Jan Leike

Jan Leike is an ai-alignment researcher who served as head of alignment at openai and co-leader of the superalignment project — one of the largest institutional commitments to alignment research in the field’s history. OpenAI committed 20% of its compute resources to the project within a four-year timeframe. Leike later departed OpenAI, making his tenure a significant chapter in the evolving relationship between frontier AI labs and safety research.

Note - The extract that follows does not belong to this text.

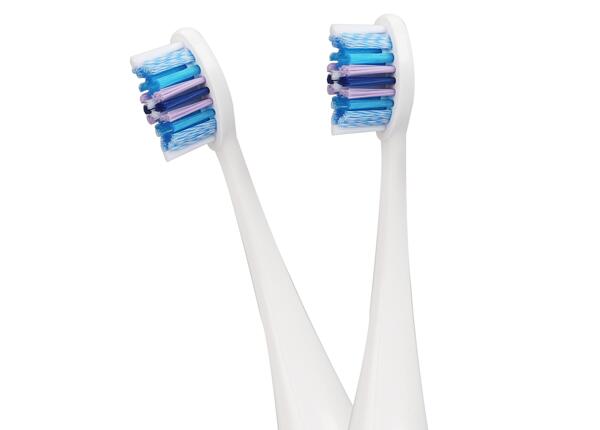 电动牙刷替换头超市有卖吗？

The Superalignment Project

Under Leike’s co-leadership, the Superalignment project pursued a strategy of automating alignment research using AI itself — building AI systems that can help solve the alignment problem for even more powerful successors. The project organized around three technical pillars:

  1. mechanistic interpretability — Understanding the internal workings of neural networks to verify that systems are genuinely aligned rather than merely appearing aligned.
  2. Generalization — Ensuring that alignment properties learned during training transfer reliably to new situations.
  3. scalable-oversight — Developing methods for humans (possibly assisted by AI) to supervise systems more capable than any individual human, building on paul-christiano’s work on iterative-amplification.

Views on Alignment Tractability

Leike expressed cautious optimism about alignment, arguing that large language models’ ability to understand natural language is enormously helpful — it means AI systems can comprehend human instructions and values in the same medium humans use to communicate. He noted that LLMs have extensive implicit knowledge of human values and norms from training on vast quantities of human text.

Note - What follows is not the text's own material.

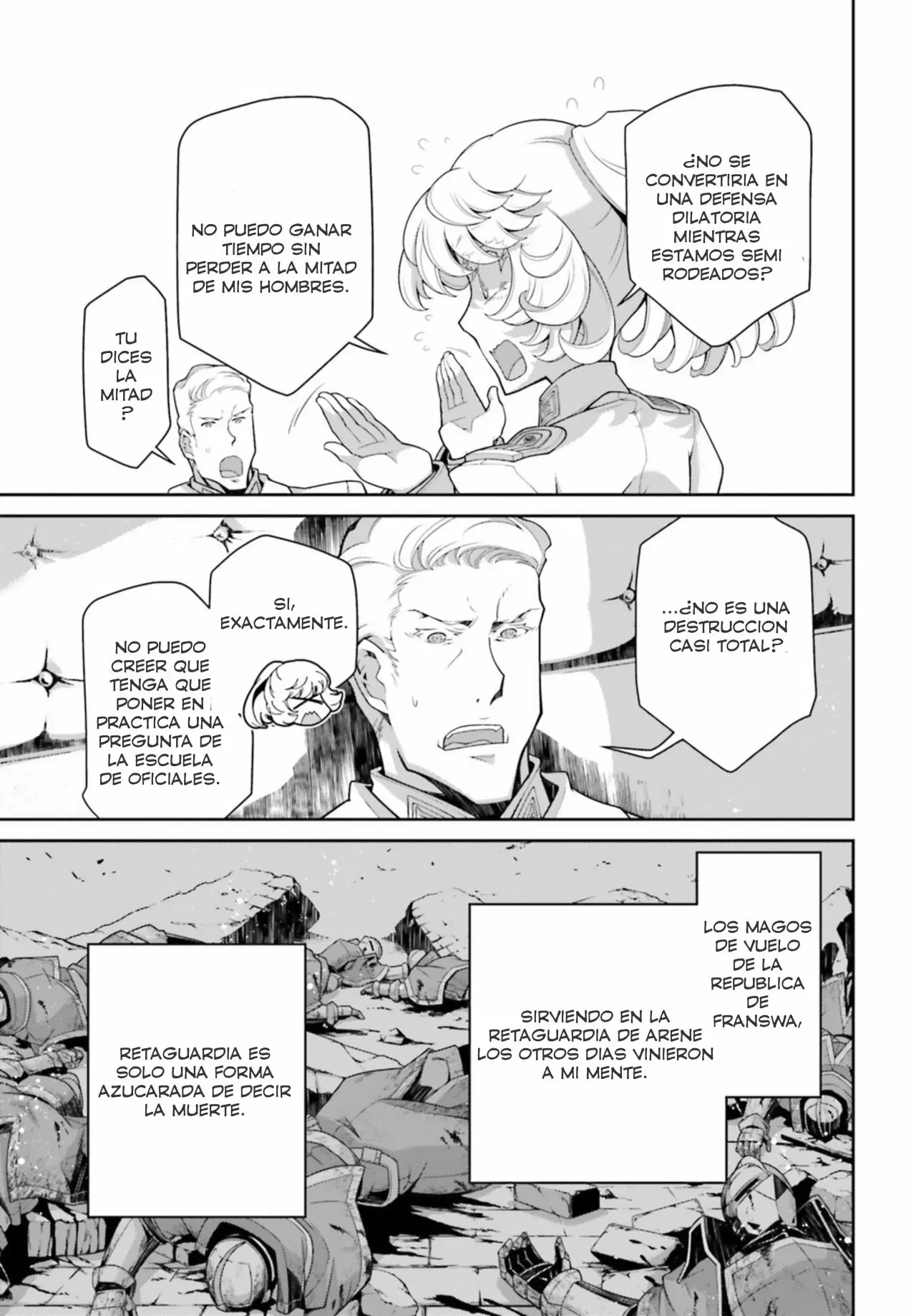 Página 59 del Manga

However, Leike was clear that current techniques, particularly rlhf, are insufficient for superintelligent AI. A superintelligent system “could think of all kinds of ways to subtly subvert us, or try to deceive us or lie to us in a way that is really difficult for us to check.”

Significance

The Superalignment project’s three-pillar research agenda (interpretability, generalization, scalable oversight) continues to define the field’s major research directions. Leike’s eventual departure from openai became an important signal about the tensions between commercial pressures and safety commitments at frontier AI labs.